FC-NVMe on PowerMax detail

I’ve been delayed in updating my documentation for vSphere 7 and as we have a new release for PowerMax coming out soon, I can’t publish what I have as it is intertwined with pre-GA material. Therefore I’m going to add some detail here about using FC-NVMe on PowerMax in vSphere 7 in the meantime. I’m not going for coherence per se, rather I just want to include the pertinent topics that will be in the published documentation next month.

FC-NVMe PowerMax configuration

Let’s start with the basics of FC-NVMe on PowerMax. There is nothing special about the FC-NVMe configuration on the PowerMax with vSphere 7. You want to follow the best practices in general for the FN emulation. You want to use 4 ports if you can, and the best performance is always going to be with a full 32 Gb infrastructure, though of course it is not required. Only your HBA on the servers need to be 32 Gb (and the PowerMax obviously), the SAN network might still be 16 Gb (or even 8 Gb) and everything will be negotiated down.

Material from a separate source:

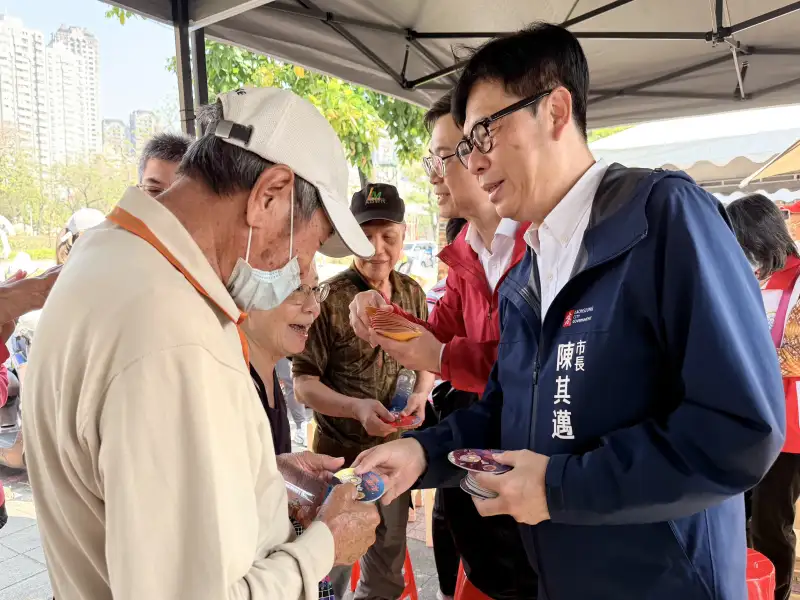 陳其邁主持馬年客家新春祈福　祈願高雄風調雨順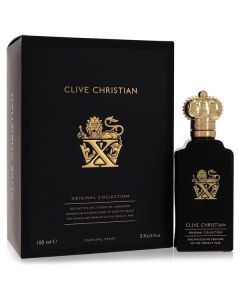 Clive Christian X Pure Parfum Spray for Men - 3.4 oz - Unforgettable Scent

Driver configuration in VMware ESXi

The drivers provided by VMware as part of the VMware ESXi distribution should be utilized when connecting VMware ESXi to Dell EMC VMAX and PowerMax storage. However, Dell EMC E-Lab™ does perform extensive testing to ensure the BIOS, BootBIOS and the VMware supplied drivers work together properly with Dell EMC storage arrays.

FC-NVMe

When using FC-NVMe, different drivers and/or firmware may be required on the Gen 6 (32 Gb) HBA to support the protocol. In addition, modification of HBA parameters might be necessary. For instance, when using Emulex HBAs the parameter lpfc_enable_fc4_type should be set to 3 and the host rebooted:

esxcli system module parameters set -p lpfc_enable_fc4_type=3 -m lpfc -f

Note that changing this parameter will not prevent you from masking traditional FC to these HBAs if so zoned. Review the HBA vendor and VMware documentation for the correct configuration.

Device presentation

FC-NVMe devices will use the EUI prefix, or Extended Unique Identifier, and not the NAA or Network Addressing Authority. Either naming, however, is unique to that LUN. The NAA or EUI number is generated by the storage device. Since the NAA or EUI is unique to the LUN, that same naming is used across any ESXi host(s) to which the device is presented. This is what permits ESXi hosts to recognize the same datastore on that LUN, even if those hosts are in different vCenters (or standalone). Note that both the mobility ID and compatibility ID devices are shown.

FC-NVMe detail in vSphere

VMware offers specific esxcli commands for NVMe to list namespaces, controllers, adapters, etc. The options are shown below.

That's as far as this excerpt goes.